大統領はその一方で、全国民対象のワクチン義務化はひとまず見送るとし、実質的にワクチン接種を促すことを狙った一連の制限措置を予告した。まず、7月21日より、51人以上が集まるあらゆる施設(遊園地など含む)とイベント会場について、ワクチン接種完了か、最近のPCR検査陰性の証明を入場の条件とすると予告。ワクチン接種を認められている12才以上のすべての者が対象となる。次いで、この義務は、8月1日より、飲食店、ショッピングセンター、病院・高齢者施設の訪問、長距離の交通機関(旅客機、列車、バス)の利用時にも適用される。大統領はまた、PCR検査について、医師による処方があるものを除いて有料化すると予告した。
さらに、9月1日からは、3回目接種による免疫力の増強が開始される。新学年の開始後には、中学校・高校内での予防接種キャンペーンも開始される。大統領はこのほか、感染が目立つ国からの入国者に対する制限措置を強化するとも予告した。
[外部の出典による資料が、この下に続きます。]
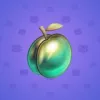 Precious Peach #2097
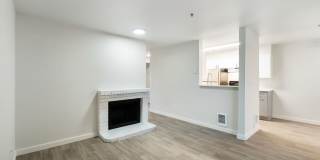 Spinnaker Apartments Gallery 5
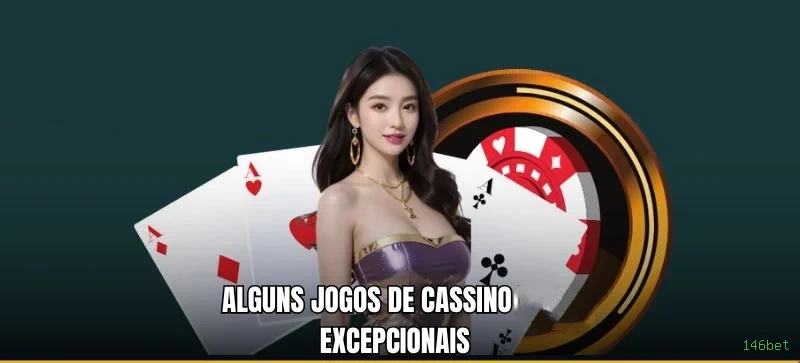 Jogos de loteria online na 146bet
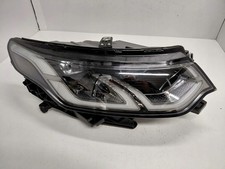Frontscheinwerfer Land Rover I Sport Discovery L550 Full LED Rechts Headlight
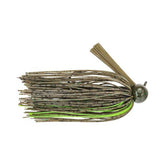 Summer Craw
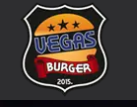 Vegas Burger Coupons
大統領はこれとは別に、経済対策と構造改革についても見解を披露した。大統領はまず、衛生危機を経て様々な対外依存が明らかになったとし、それを緩和し、フランスそして欧州のレベルで自立性を高める目的で、新たな投資プランを9月以降に策定すると予告。昨年に着手した1000億ユーロの経済対策を後継する新たなプランを約束した。大統領はまた、経済成長を促す上で就労促進が要になるとの認識を示し、そのためにも、延期されていた失業保険制度改正を10月1日付で施行すると予告した。年金改革については、特殊制度を整理して公平を期し、就労期間をより長くする改革が必要不可欠だとする見解を確認した上で、衛生危機が一段落するまでは改革には着手しないとも言明した。若年者向けの就業支援については、就業に向けて努力する義務を果たすことを条件とした給付制度を9月以降に導入することを約束した。